Set nominal_power to the minimum nominal_power needed to always meet demand.
- Parameters
demand (Union[float, Iterable[float]], optional) – Heating emand in [kWh].
safety_factor (float, default: 1.0) – The nominal_power is oversized by factor of safety_factor.
Notes
nominal_power = max(demand/efficiency)*safety_factor
- get_generation(inverter_ac_power_per_kw: Union[float, Iterable[float]]) Union[float, Iterable[float]] [source]
Get solar generation output.
- Parameters
inverter_ac_power_perk_w (Union[float, Iterable[float]]) – Inverter AC power output per kW of PV capacity in [W/kW].
- Returns
generation – Solar generation as single value or time series depending on input parameter types.
- Return type
Union[float, Iterable[float]]
Notes
\[\textrm{generation} = \frac{\textrm{capacity} \times \textrm{inverter_ac_power_per_w}}{1000}\]
- class citylearn.energy_model.StorageDevice(capacity: float, efficiency: Optional[float] = None, loss_coefficient: Optional[float] = None, initial_soc: Optional[float] = None, efficiency_scaling: Optional[float] = None, **kwargs)[source]
Bases:
citylearn.energy_model.Device
- autosize(demand: Iterable[float], safety_factor: Optional[float] = None)[source]
Autosize capacity.
Set capacity to the minimum capacity needed to always meet demand.
- Parameters
demand (Union[float, Iterable[float]], optional) – Heating emand in [kWh].

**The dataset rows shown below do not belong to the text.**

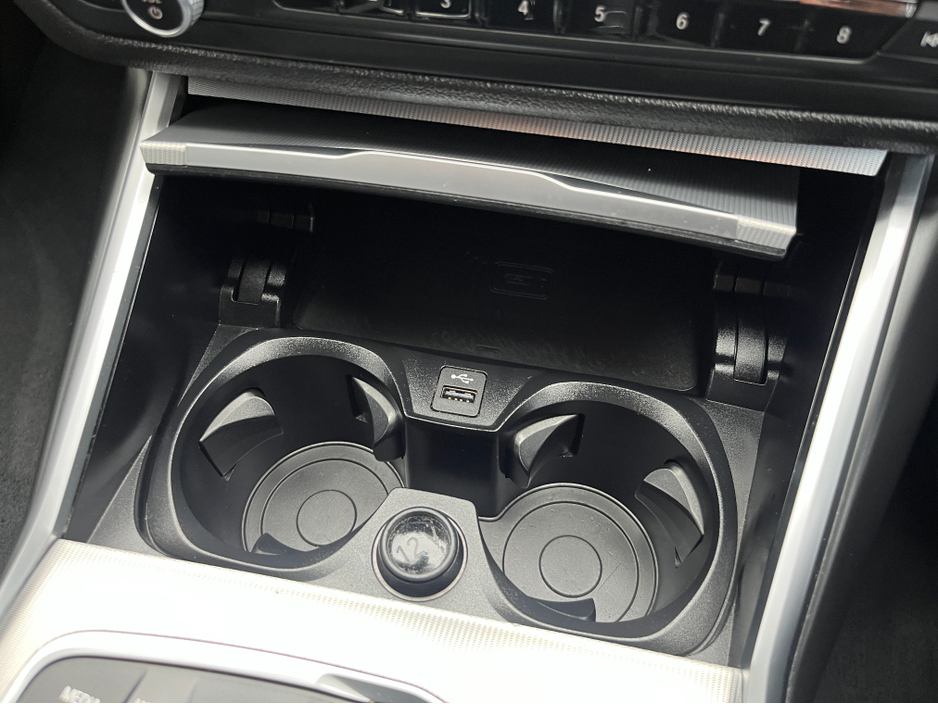 2019 BMW 3 Series - image 18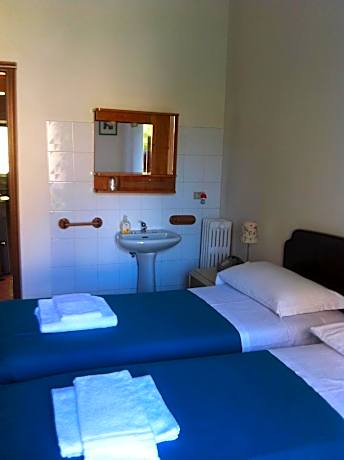 Economy Double Room or Twin with Shared Bathroom
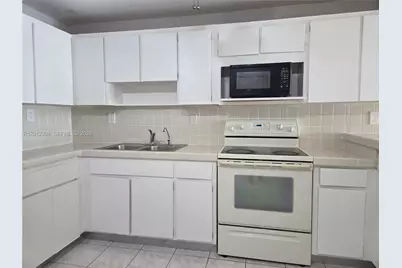 4670 W 13th Ln #507, Hialeah, FL 33012 - Photo 3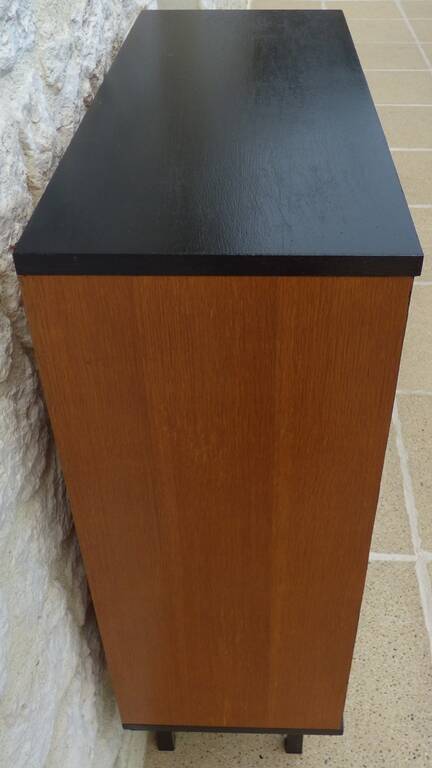 Storage unit, display cabinet with sliding glass doors, metal base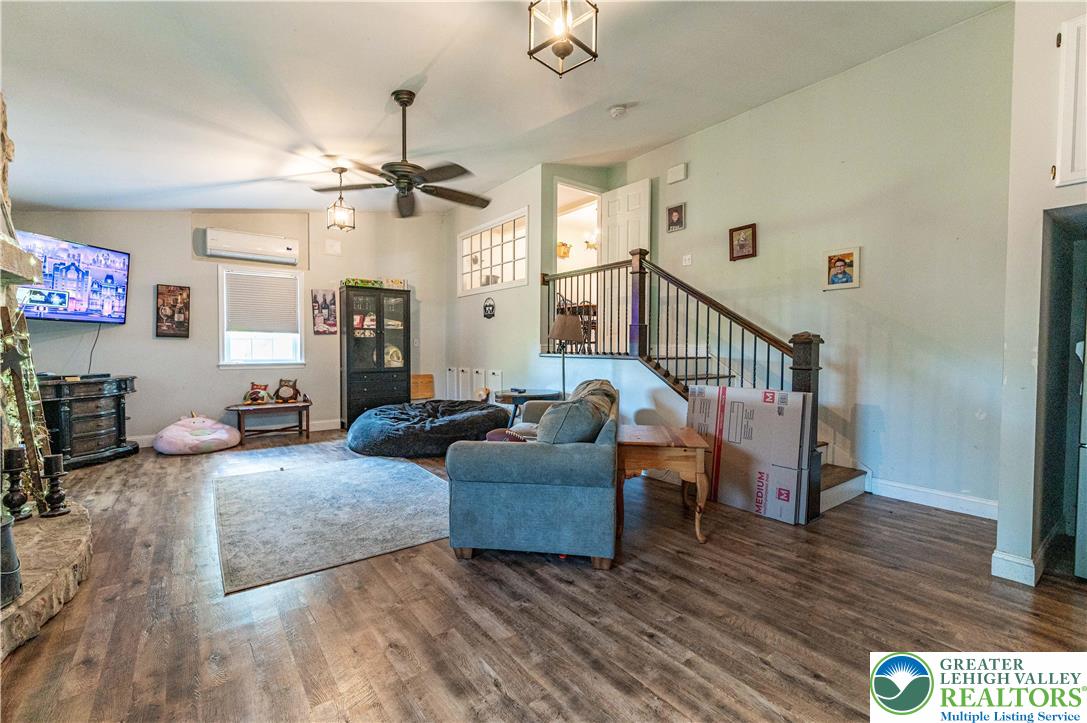 518 Bauer Road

safety_factor (float, default: 1.0) – The capacity is oversized by factor of safety_factor.
Notes
capacity = max(demand/efficiency)*safety_factor
- property capacity: float
Maximum amount of energy the storage device can store in [kWh].
- charge(energy: float)[source]
Charges or discharges storage with respect to specified energy while considering capacity and soc_init limitations and, energy losses to the environment quantified by efficiency.
- Parameters
energy (float) – Energy to charge if (+) or discharge if (-) in [kWh].
Notes
If charging, soc = min(soc_init + energy*`efficiency`, capacity) If discharging, soc = max(0, soc_init + energy/efficiency)
- property efficiency: float
Technical efficiency.
- property efficiency_scaling: float
efficiency exponent scaling.
- property energy_balance: List[float]
Charged/discharged energy time series in [kWh].
- property initial_soc: float
State of charge when time_step = 0 in [kWh].
- property loss_coefficient: float
Standby hourly losses.
- set_energy_balance() float [source]
Calculate energy balance
The energy balance is a derived quantity and is the product or quotient of the difference between consecutive SOCs and efficiency for discharge or charge events respectively thus, thus accounts for energy losses to environment during charging and discharge.
- property soc: List[float]
State of charge time series in [kWh].
- property soc_init: float
Latest state of charge after accounting for standby hourly lossses.
- class citylearn.energy_model.StorageTank(capacity: float, max_output_power: Optional[float] = None, max_input_power: Optional[float] = None, **kwargs)[source]
Bases:
citylearn.energy_model.StorageDevice
- charge(energy: float)[source]
Charges or discharges storage with respect to specified energy while considering capacity and soc_init limitations and, energy losses to the environment quantified by efficiency.
- Parameters
energy (float) – Energy to charge if (+) or discharge if (-) in [kWh].
Notes
If charging, soc = min(soc_init + energy*`efficiency`, max_input_power, capacity) If discharging, soc = max(0, soc_init + energy/efficiency, max_output_power)
- property max_input_power: float
Maximum amount of power that the storage unit can use to charge [kW].
- property max_output_power: float
Maximum amount of power that the storage unit can output [kW].